Lab tutorials complement classes. Students will practice new knowledge and skills they will need in the workplace such as interpersonal, time management, and communications written and oral by writing academic reports, delivering presentation and receiving detailed feedback. Improve their collaboration with peers across different areas of study by engaging in learning activities, team projects and team presentations/demonstrations. Encourage student’s multicultural collaborations inside the classroom/lab to foster the valuing and awareness of diverse perspectives (international, multicultural…) Industry-focused projects are designed to engage students in real-world challenges such as precision farming.

During lab tutorials, students will be required to work collaboratively on research inspired and Industry-focused assignments that are designed to encourage students to build their transdisciplinary and research skills. They can develop creativity and complex problem solving skills through conducting literature survey, brain storm, discuss about current challenges, generate ideas and finally propose solutions. Continuous feedback is provided in class and is critical to this teaching-learning environment. Students will integrate how they used feedback to make further progress on their work.

Lab tutorials also develop hands on skills such as programming and hardware implementation. Students are required to design and implement a sensor network using hardware (raspberry pi, sensor) and software, create a demo of their work, conduct experiments and troubleshoot the sensor network.

Classes are interactive learning environments in which students will engage with practical and real-world examples from latest theoretical and technological advances. Animations, diagrams, conversations and exercises are designed to both bring concepts to life and to offer opportunities for feedback and to encourage deeper understanding.

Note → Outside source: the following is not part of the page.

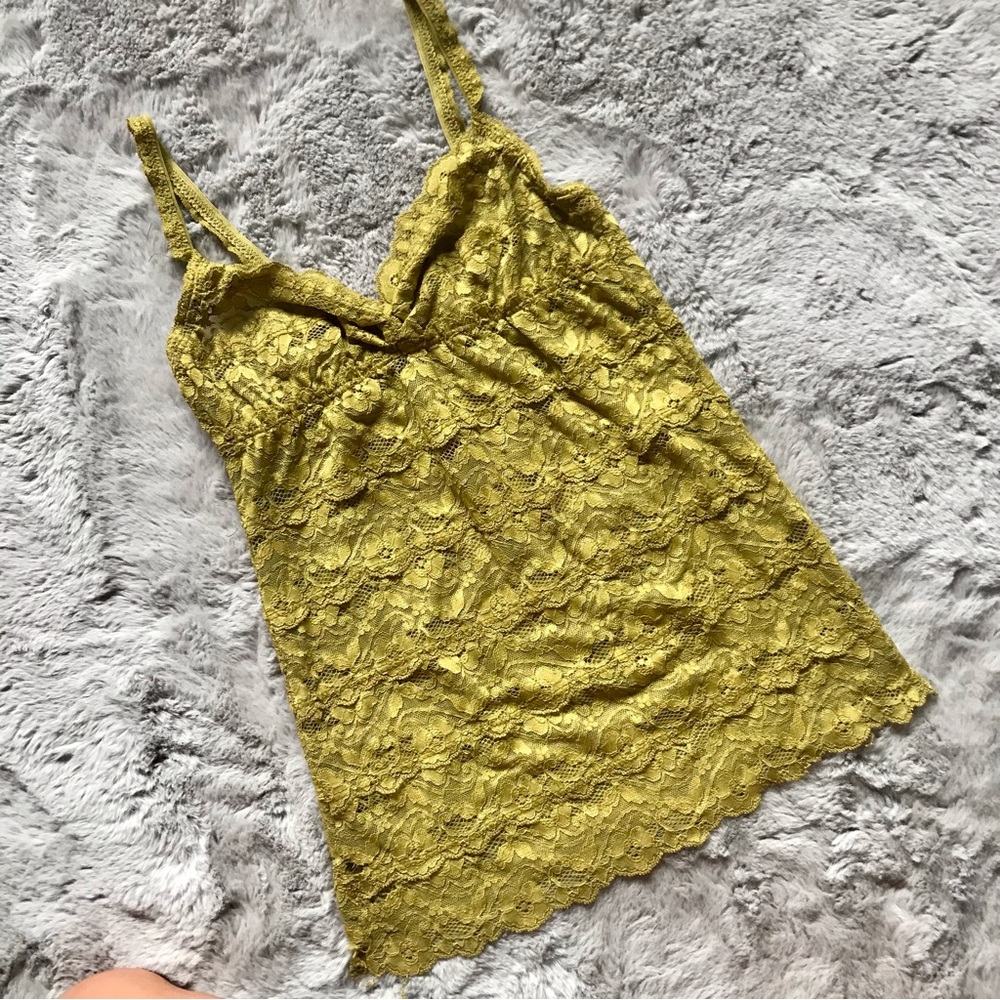 FREE w/ purchase Olive green Pins & Needles Lace camisole small bustier style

Learning in these interactive classes aims to prepare students for the quizzes which is designed to include learners from different backgrounds and provide students with opportunities to demonstrate how they apply their understanding of subject learning objectives. WSN aims to produce graduates ready to explore new opportunities in the future work environment.

Assessment

Assessment task 1: Design, Implementation and Documentation

Intent:

Project Teams should provide WSN Architecture/Design and possibly a mock-up UI. Consideration should be given to use of Open Source hardware/software and COTS components (hardware toolkits, IDEs, Frameworks, DBMS, libraries, and middleware, etc.)

Objective(s):

This assessment task addresses the following subject learning objectives (SLOs):

1, 2 and 4

This assessment task contributes to the development of the following Course Intended Learning Outcomes (CILOs):

C.1, D.1 and E.1

Type: Report
Groupwork: Group, group and individually assessed
Weight: 30%
Length:

Maximum 40 pages

Assessment task 2: Project Presentation, Demonstration

Intent:

Demonstration of the prototype WSN application. Delivery of the project's artefacts and the final report.

Objective(s):

This assessment task addresses the following subject learning objectives (SLOs):

1, 2 and 4

This assessment task contributes to the development of the following Course Intended Learning Outcomes (CILOs):

C.1, D.1 and E.1

Type: Demonstration
Groupwork: Group, group and individually assessed
Weight: 30%
Length:

Slides (including demos) should be prepared to deliver 10-15 minute oral presentations

Assessment task 3: Quizzes

Intent:

For individual students to evaluate their learning and understanding of the key concepts based on the given materials (lecture notes and handbook).

Objective(s):

This assessment task addresses the following subject learning objectives (SLOs):

3

This assessment task contributes to the development of the following Course Intended Learning Outcomes (CILOs):

D.1

Type: Quiz/test
Groupwork: Individual
Weight: 40%
Length:

15 to 30 minutes

Minimum requirements

In order to pass the subject, a student must achieve an overall mark of 50% or more.